Vaillancourt, managing director, organic growth, said: “One of the achievements I feel most notable over any discrete investment gain is that I assisted in the strategic repositioning of Waste Management [WM].

“WM has been for a long time a traditional waste management company focused on the aggregation and disposal of waste using longstanding disposal options with landfilling being key. Our group helped provide needed perspective that we were entering a phase of significant disruption that would have long-term consequences.

“We helped recognise trends in corporate and individual sustainability behaviours driving alternative landfill disposal options and waste reduction. We performed a comprehensive deep dive on emerging waste-based conversion technologies and developed new economic supply chains that would allow WM to proactively reposition itself from waste management company to a resource management company that can leverage innovation to optimise the value in its waste streams.
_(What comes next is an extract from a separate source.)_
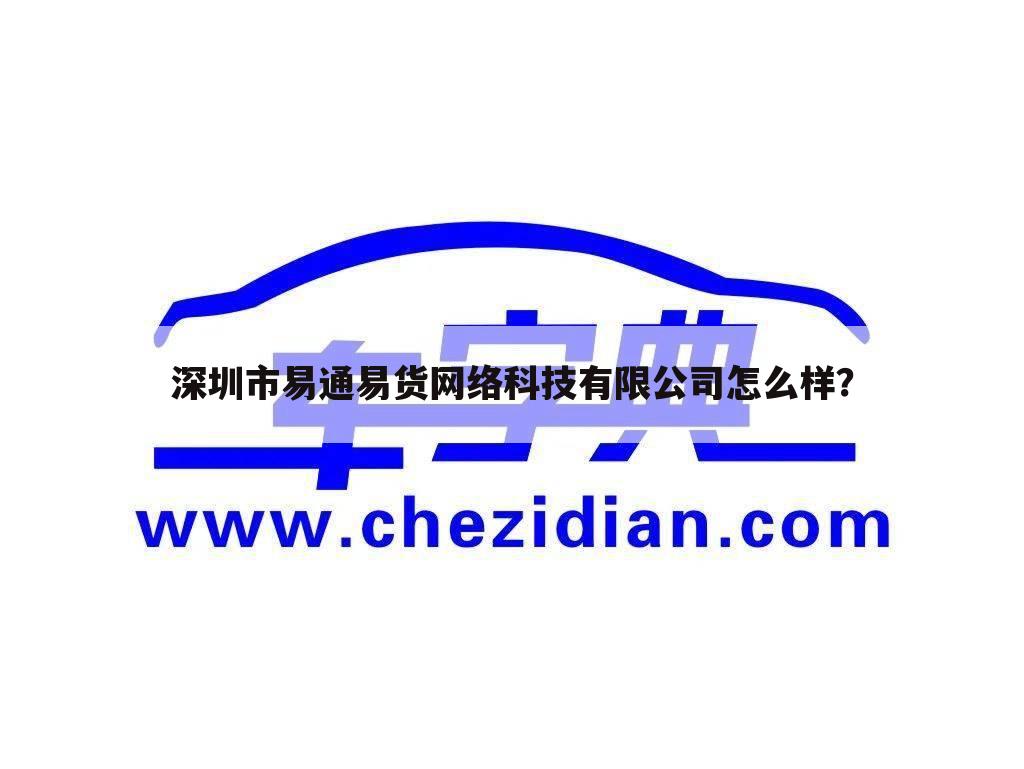 深圳市易通易货网络科技有限公司怎么样?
“Our corporate venturing unit exists in a portion of the clean-tech sector experiencing significant headwinds due to capital scarcity. There are many causes for these headwinds but essentially it is proving too long and more expensive than expected to get to stable and growing profitability, which ultimately affects monetisation feasibility and timing. However, as we are in a disruptive sector transition, we need to find ways to maintain proactive involvement in this activity while mitigating financial risks and are therefore rationalising the tools we deploy for obtaining strategic leverage.”

Vaillancourt has worked in multiple entrepreneurial roles, often as founder and chief executive, since 1990. Other corporates he has been employed by include Corning, Graebel Van Lines and Foster Medical Supply. He also co-founded a turnround company working for private equity groups to help address challenges in those companies both financially and organisationally.

He said: “This was one of the direct linkages between by entrepreneurial and corporate tenures.”

Vaillancourt has a degree in accounting and finance and a master of business administration from University of Massachusetts.

Lessons from the top: Vaillancourt said: “Corporate venturing shares some characteristics with
commonly understood VC investing. However, we have run into the typical issues – market versus
internal compensation constraints, tensions between long-term investing and quarterly results,
resistance to internal change particularly when the new approaches could be cannibalistic to
current activity, and developing ways for financial investors to be comfortable with our involvement
as a strategic. All these issues have compelled us to spend a great deal of time and care
structuring deals where we can have win-win for all participants. This is not an easy thing to do.”